Spring 2009: Prelude

Henry Bowden

Former Board of Trustees Chair Henry Bowden 32C 34L 59H led a legal challenge that helped Emory desegregate.

Billy Howard

Life After Brown

By Paige P. Parvin 96G

In 1960, my predecessor several times removed, Randy Fort, published a special issue of the Emory Alumnus with the theme “Crisis in the Schools.” At the time, Emory was wrestling with the deeply difficult question of desegregation in the wake of the 1954 Brown decision. The president, Walter Martin, was walking a fine line, trying to keep the peace among groups of alumni and trustees who were divided on the issue—with many opposed to desegregation—and faculty and students who were largely supportive of change. Eventually, Henry Bowden, chair of the Board of Trustees, would lead a legal challenge that enabled Emory to desegregate without losing its tax-exempt status, eliminating a major obstacle and paving the way for black students.

In the Alumnus, Fort did not argue passionately for desegregation, but he did praise Emory as a place where it could be safely and candidly discussed. He also highlighted the very real problems the issue created for the University: as Georgia legislators vowed to close public schools rather than desegregate, the entire system threatened to crumble, taking Atlanta’s booming business growth and rising stature down with it.

“Emory has had turndown after turndown from able young teachers it has wanted to employ from colleges in other states,” Fort wrote. “They simply would not bring their children into a climate where the future of public education is uncertain. Nor will many professors now at Emory stay any longer if the situation grows much worse.”

Emory has an incredibly rich past—and present—when it comes to matters of race, and in these pages we are able to offer only a smattering of its stories. Still, I am honored to follow in Fort’s footsteps, nearly a half century later, with this issue of Emory Magazine devoted to the legacy of civil rights.

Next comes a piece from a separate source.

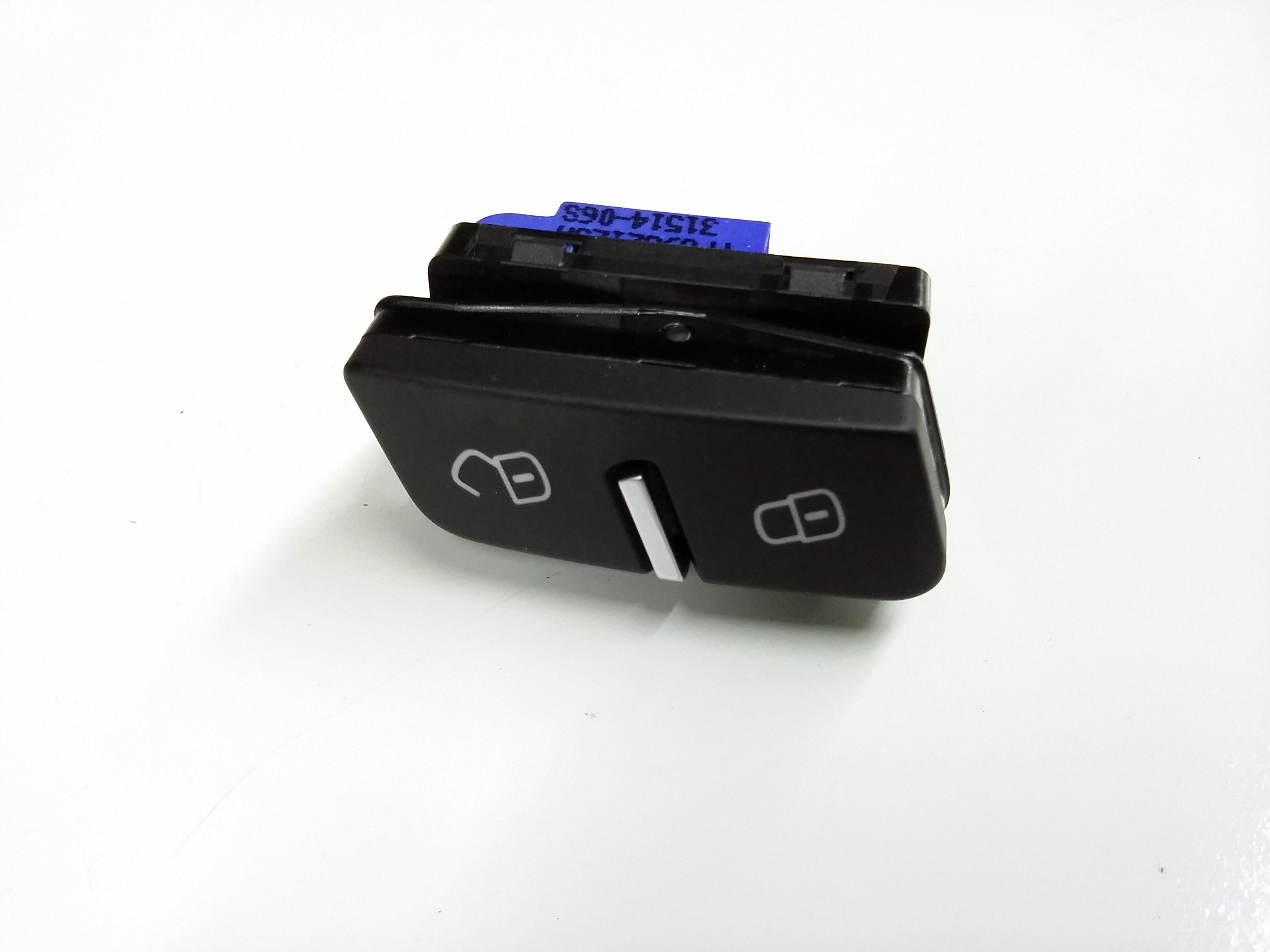 Lock Switch 7P6-962-125-A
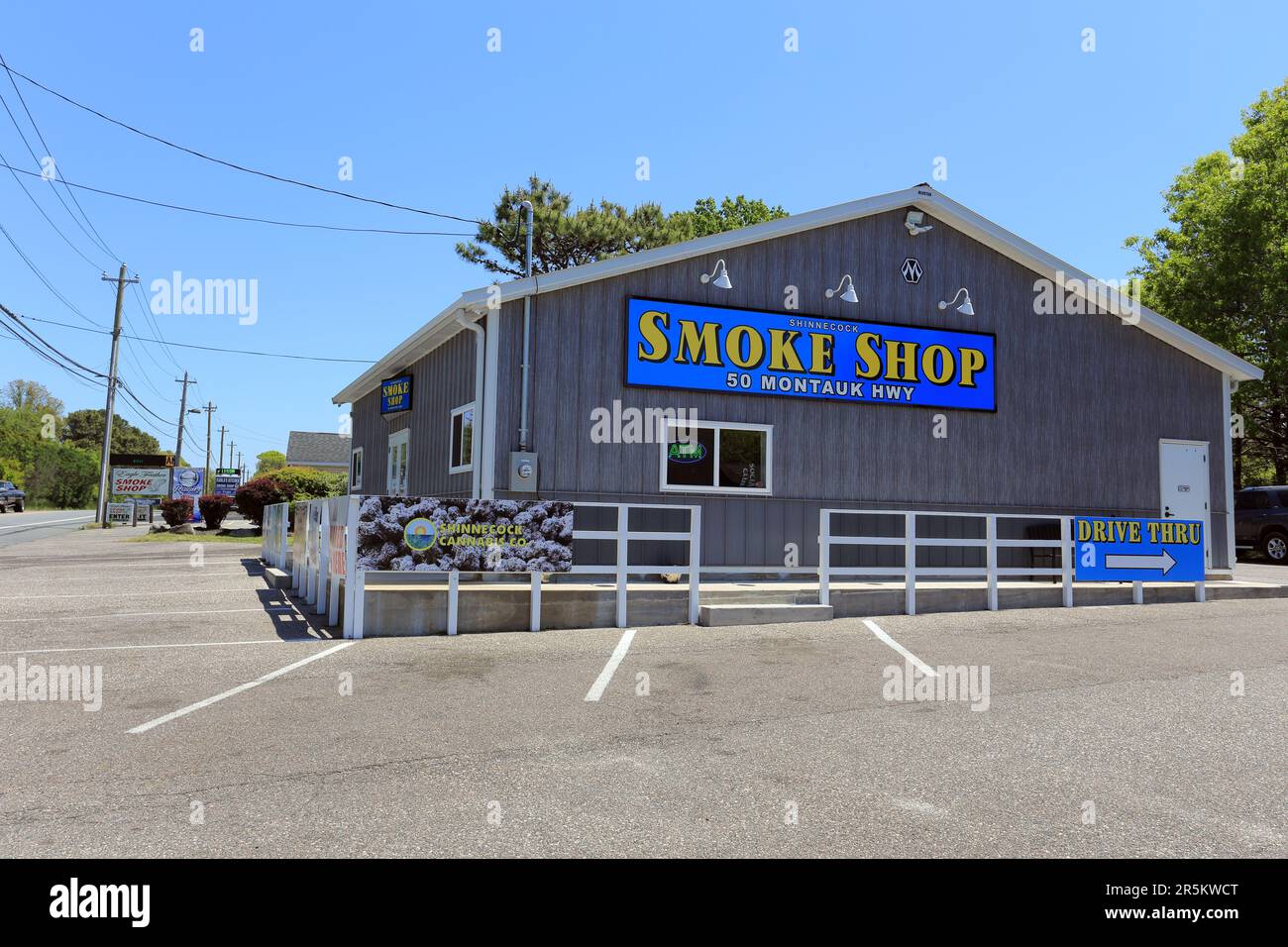 Native American smoke shop Long Island New York Stock Photo Alamy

Many of those we spoke with during past weeks could not help but reference the election of President Barack Obama as a defining moment in American history. But nearly all, I noticed, were quick to add that Obama’s presidency does not mean the march toward full racial equality can now come to a halt. As Professor Rudolph Byrd, founding director of the James Weldon Johnson Institute, put it, “The election of one individual to an office does not mean the end of centuries of white supremacy. It represents enormous progress, but the struggle continues.”

In that spirit, much of this issue is focused not on past struggles, but on current efforts and future promise. The Johnson Institute, dedicated to civil rights scholarship, held its formal launch in April. Brad Braxton 99PhD, senior minister for New York City’s renowned Riverside Church, has only just begun his tenure as the sixth leader of this famously influential congregation. Emory’s Transforming Community Project, with its sweeping five-year scope, continues to weave colorful new patches into the fabric of the University’s racial culture. Atlanta’s Center for Civil and Human Rights, expected to invigorate the city’s tourism and culture scene and foster ongoing civil rights study, will break ground this winter. And the tale of the ill-fated Atlanta Times, written by Pulitzer Prize–winning journalist Hank Klibanoff, is a good reminder that although its channels have changed, the media continues to shape public opinion on issues of race and difference, with last year’s election serving as a case in point.

The demise of the Atlanta Times, fittingly, coincided with the end of Atlanta school segregation. As I read about the struggle that nearly crippled Emory’s growth and fund-raising efforts, the southern educational system, and the city’s progress, I couldn’t help but think of my own public school experience. Raised in a largely white, rural Tennessee county, I didn’t sit in a classroom with African American students until I went away to boarding school as a high school junior.

My son, by contrast, is a product of Atlanta Public Schools, and has shared his experience with black students since pre-kindergarten. His friends are a diverse set that reflect his diverse surroundings. Each year, he has listened to the speeches of Martin Luther King Jr. and studied many other civil rights legends and events during the celebration of Black History Month.

Maybe that explains why, when he saw former President George W. Bush on television for the first time, he exclaimed, “That’s George Bush? I thought he was brown!”

Now we can look to the nation’s first “brown” president and, regardless of our politics, marvel at how far the march has brought us.